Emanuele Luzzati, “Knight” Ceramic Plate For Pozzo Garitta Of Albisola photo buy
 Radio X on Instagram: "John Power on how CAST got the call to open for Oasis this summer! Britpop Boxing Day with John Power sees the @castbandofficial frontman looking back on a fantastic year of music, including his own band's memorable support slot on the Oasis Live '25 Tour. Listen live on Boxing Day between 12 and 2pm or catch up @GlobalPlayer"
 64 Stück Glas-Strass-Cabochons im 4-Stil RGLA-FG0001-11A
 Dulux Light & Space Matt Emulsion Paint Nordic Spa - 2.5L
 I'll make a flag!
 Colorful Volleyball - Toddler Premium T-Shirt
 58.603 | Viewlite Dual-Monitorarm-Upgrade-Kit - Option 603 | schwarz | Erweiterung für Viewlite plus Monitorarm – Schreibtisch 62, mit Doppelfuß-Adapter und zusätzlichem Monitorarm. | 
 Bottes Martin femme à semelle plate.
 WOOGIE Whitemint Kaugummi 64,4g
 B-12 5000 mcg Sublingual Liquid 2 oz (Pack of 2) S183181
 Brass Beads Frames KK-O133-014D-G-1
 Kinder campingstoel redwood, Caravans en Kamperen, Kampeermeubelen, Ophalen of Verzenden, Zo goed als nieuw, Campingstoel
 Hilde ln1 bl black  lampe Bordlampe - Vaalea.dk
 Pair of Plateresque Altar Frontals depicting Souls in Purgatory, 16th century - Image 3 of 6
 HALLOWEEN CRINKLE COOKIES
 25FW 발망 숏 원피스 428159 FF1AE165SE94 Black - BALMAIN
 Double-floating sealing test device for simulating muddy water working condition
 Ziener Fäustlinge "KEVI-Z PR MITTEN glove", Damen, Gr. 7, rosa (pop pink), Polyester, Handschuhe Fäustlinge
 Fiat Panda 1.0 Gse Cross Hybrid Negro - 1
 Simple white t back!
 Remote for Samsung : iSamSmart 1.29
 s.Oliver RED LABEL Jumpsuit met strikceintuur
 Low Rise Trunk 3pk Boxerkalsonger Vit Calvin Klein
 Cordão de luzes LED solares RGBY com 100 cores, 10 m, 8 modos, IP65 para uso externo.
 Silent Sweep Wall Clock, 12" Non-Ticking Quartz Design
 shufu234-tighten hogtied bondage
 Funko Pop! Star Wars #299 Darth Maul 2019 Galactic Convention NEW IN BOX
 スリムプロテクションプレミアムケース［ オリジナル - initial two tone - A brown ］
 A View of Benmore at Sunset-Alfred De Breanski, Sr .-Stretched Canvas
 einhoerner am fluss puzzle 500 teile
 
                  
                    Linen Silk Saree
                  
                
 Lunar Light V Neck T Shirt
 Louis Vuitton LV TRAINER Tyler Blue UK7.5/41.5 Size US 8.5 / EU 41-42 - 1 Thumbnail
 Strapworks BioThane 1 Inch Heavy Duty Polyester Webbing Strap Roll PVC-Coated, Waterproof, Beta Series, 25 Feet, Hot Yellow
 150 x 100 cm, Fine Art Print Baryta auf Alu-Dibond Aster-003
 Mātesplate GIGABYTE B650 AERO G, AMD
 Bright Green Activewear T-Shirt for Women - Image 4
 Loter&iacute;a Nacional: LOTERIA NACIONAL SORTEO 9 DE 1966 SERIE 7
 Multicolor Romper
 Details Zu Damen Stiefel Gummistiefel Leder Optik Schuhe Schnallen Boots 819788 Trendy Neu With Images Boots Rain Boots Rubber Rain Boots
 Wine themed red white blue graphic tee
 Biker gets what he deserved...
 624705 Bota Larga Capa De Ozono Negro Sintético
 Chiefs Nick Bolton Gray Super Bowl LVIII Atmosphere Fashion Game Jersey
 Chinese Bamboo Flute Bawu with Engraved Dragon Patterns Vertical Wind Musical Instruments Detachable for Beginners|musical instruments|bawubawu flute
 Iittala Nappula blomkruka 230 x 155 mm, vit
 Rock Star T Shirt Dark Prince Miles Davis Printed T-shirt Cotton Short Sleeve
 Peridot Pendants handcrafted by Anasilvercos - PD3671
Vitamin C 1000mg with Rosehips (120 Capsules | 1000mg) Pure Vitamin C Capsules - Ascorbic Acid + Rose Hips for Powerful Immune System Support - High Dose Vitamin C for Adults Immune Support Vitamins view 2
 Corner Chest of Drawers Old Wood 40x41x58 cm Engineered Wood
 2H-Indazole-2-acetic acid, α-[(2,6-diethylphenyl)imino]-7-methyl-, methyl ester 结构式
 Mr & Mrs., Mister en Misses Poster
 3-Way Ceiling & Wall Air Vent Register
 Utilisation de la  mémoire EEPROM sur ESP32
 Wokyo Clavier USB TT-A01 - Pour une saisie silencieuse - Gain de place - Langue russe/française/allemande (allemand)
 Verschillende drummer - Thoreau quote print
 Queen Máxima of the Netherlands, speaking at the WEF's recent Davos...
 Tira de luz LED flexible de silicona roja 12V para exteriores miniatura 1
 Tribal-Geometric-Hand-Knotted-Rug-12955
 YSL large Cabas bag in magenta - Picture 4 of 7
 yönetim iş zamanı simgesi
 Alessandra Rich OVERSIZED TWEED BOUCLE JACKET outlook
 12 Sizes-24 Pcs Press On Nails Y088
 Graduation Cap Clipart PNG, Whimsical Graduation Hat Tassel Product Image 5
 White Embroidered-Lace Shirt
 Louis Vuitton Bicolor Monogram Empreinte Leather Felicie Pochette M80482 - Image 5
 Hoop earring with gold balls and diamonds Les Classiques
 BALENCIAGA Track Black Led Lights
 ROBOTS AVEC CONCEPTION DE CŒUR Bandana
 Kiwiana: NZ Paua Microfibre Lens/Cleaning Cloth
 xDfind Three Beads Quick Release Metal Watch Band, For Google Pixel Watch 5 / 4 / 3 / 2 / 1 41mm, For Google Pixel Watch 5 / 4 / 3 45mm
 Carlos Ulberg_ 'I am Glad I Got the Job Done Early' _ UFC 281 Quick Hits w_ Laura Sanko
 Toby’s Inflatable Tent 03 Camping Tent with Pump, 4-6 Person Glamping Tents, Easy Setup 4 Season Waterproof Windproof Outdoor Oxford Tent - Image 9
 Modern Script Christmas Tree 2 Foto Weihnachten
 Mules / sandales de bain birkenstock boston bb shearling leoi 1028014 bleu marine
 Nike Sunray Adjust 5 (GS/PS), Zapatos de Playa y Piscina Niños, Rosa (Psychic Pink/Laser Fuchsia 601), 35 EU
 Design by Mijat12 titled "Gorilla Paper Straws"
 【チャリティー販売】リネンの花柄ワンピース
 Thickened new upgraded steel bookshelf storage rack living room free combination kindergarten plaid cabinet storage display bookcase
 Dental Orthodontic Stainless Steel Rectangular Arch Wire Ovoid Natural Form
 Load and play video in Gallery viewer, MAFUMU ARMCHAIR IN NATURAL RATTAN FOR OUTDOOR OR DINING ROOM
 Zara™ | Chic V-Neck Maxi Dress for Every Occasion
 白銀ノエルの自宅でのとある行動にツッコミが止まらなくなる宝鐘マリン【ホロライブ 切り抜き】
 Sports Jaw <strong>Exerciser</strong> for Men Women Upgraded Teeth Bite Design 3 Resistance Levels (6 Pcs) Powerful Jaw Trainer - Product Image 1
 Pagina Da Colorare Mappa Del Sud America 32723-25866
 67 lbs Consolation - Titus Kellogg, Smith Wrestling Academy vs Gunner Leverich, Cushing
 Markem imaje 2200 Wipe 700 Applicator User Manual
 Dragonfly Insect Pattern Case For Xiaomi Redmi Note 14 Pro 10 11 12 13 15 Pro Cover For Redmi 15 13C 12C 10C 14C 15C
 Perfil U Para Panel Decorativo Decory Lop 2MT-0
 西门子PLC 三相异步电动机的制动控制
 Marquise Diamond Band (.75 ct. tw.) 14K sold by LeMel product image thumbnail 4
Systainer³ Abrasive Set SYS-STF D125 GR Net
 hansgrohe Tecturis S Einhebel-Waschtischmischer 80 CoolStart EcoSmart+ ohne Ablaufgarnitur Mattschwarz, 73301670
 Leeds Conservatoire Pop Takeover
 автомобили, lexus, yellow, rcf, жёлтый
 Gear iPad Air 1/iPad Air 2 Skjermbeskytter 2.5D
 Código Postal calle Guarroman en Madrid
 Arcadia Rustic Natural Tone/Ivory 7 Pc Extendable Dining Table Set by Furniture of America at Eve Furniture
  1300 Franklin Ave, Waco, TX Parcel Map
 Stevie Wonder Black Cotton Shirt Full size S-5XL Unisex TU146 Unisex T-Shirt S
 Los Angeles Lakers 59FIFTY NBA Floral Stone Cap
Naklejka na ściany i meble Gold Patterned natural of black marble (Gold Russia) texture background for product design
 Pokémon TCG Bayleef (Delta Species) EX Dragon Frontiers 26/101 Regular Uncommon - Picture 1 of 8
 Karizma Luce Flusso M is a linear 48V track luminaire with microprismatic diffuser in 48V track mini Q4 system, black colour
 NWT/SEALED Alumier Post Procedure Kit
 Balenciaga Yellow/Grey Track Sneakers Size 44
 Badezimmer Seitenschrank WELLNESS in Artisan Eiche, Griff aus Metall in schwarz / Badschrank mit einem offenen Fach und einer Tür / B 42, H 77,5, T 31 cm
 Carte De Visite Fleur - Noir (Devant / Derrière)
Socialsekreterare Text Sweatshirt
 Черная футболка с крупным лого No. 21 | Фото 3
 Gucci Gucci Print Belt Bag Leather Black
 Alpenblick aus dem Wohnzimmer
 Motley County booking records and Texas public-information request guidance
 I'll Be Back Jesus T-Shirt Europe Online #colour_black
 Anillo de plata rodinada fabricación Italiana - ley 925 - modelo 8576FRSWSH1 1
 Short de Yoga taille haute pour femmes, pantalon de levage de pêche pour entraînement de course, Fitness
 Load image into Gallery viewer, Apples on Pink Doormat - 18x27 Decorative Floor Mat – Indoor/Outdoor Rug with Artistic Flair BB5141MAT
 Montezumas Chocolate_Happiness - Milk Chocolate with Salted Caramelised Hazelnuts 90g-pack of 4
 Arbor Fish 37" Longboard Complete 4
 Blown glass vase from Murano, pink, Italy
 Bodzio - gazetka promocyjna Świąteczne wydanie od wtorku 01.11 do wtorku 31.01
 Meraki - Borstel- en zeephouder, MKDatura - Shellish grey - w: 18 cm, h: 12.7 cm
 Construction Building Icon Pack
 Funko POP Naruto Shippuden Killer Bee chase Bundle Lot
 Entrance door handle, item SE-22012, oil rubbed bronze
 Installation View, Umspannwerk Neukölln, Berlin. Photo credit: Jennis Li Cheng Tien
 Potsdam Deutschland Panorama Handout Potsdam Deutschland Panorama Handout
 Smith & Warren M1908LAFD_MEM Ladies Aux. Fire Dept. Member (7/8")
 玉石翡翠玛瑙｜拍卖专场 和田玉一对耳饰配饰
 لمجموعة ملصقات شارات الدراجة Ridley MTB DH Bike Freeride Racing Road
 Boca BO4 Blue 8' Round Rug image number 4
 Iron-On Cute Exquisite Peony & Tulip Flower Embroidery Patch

**EXERCISE INSTRUCTIONS**
Please give the number of lines in the data above where the word "Picture" appears, and nothing besides.

**REPLY TO THE EXERCISE**
2